Investing in the notes involves risks. Risk Factors begin on pages PS-2 of this
         pricing supplement and S-6 of the YEELDS prospectus supplement.

Neither the Securities and Exchange Commission nor any state securities
commission has approved or disapproved of these securities or determined if this
pricing supplement, any accompanying prospectus supplement or any accompanying
prospectus is truthful or complete. Any representation to the contrary is a
criminal offense.

                             ----------------------

                                                   Per YEELD          Total
                                                 ------------    ---------------
Public offering price..........................  $  30.45        $ 23,278,964.10
Underwriting discount..........................  $   0.076125    $     58,197.41
Proceeds to Lehman Brothers Holdings...........  $  30.373875    $ 23,220,766.69

                             ----------------------

Lehman Brothers Holdings has granted the underwriter an option to purchase,
within 13 days of the original issuance, up to an additional 114,674 YEELDS on
the same terms and conditions as set forth above solely to cover
over-allotments, if any.

                             ----------------------

The notes are expected to be ready for delivery in book-entry form only through
The Depository Trust Company on or about December 29, 2004.

                             ----------------------

                                 LEHMAN BROTHERS
December 21, 2004
"YEELDS" is a registered trademark of Lehman Brothers Inc.


                             ADDITIONAL RISK FACTORS

THE INCLUSION OF COMMISSIONS AND PROJECTED PROFIT FROM HEDGING IN THE PUBLIC
OFFERING PRICE IS LIKELY TO ADVERSELY AFFECT SECONDARY MARKET PRICES.

Assuming no change in market conditions or any other relevant factors, the
price, if any, at which Lehman Brothers Inc. is willing to purchase the notes in
secondary market transactions will likely be lower than the public offering
price, since the public offering price included, and secondary market prices are
likely to exclude, commissions paid with respect to the notes, as well as the
projected profit included in the cost of hedging the obligations of Lehman
Brothers Holdings under the notes. In addition, any such prices may differ from
values determined by pricing models used by Lehman Brothers Inc., as a result of
dealer discounts, mark-ups or other transaction costs.

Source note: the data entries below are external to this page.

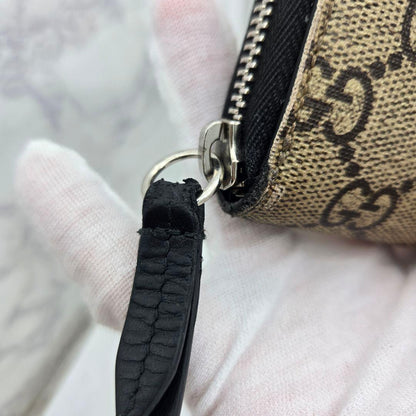 Gucci Wallet Snake GG Supreme — view 4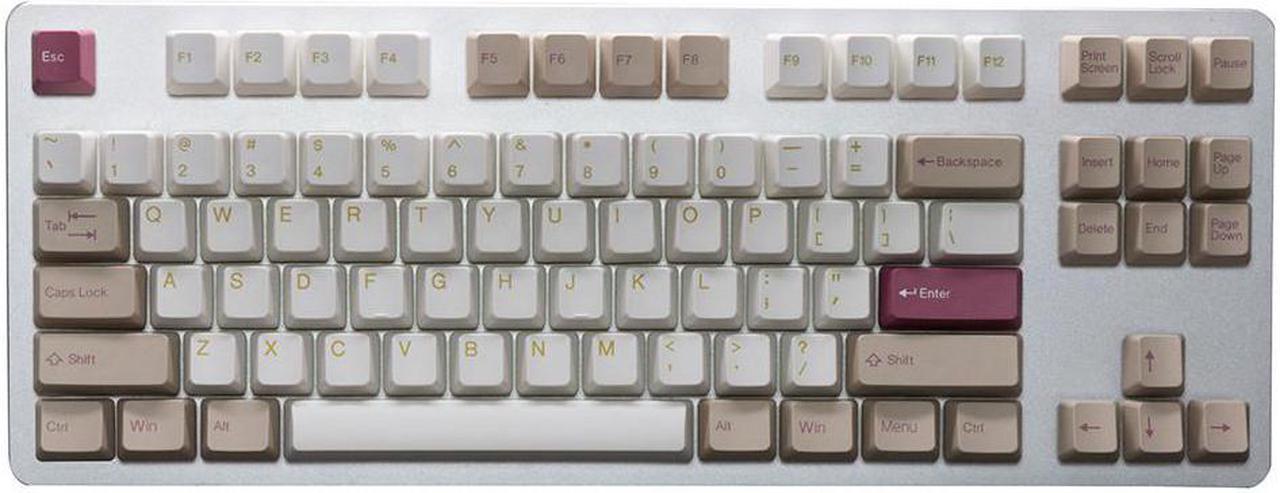 Shell Sand Beach ABS Keycap Set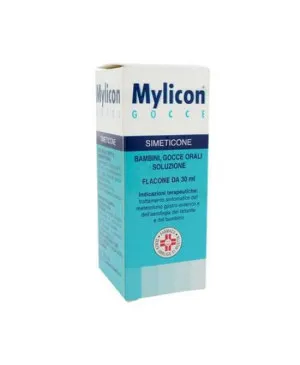 Mylicon Gocce Bambini-30 ml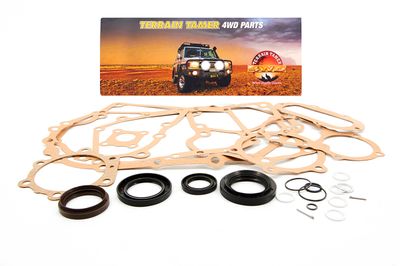 GASKET KIT GEARBOX &amp; TRANSFER CASE 4 SPEED 4
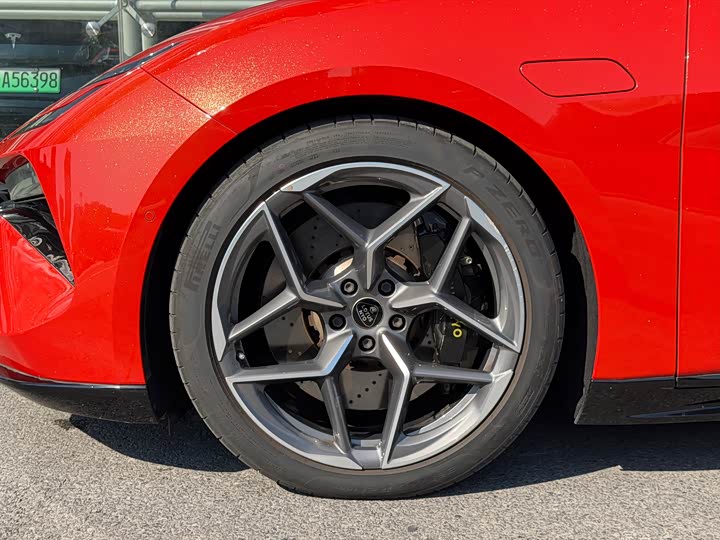 Lotus Emeya 2024 2024款 EMEYA S+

THE NOTES MAY NOT BE ACTIVELY TRADED.

The notes are not listed on any securities exchange. There may be little or no
secondary market for the notes. Even if there is a secondary market, it may not
provide significant liquidity. Lehman Brothers Inc. currently intends to act as
a market maker for the notes, but it is not required to do so.

YOU HAVE NO SHAREHOLDER RIGHTS.

Investing in the notes is not equivalent to investing in the common stock of
CarMax, Inc. As an investor in the notes, you will not have voting rights or
rights to receive dividends or other distributions or any other rights with
respect to the common stock of CarMax, Inc.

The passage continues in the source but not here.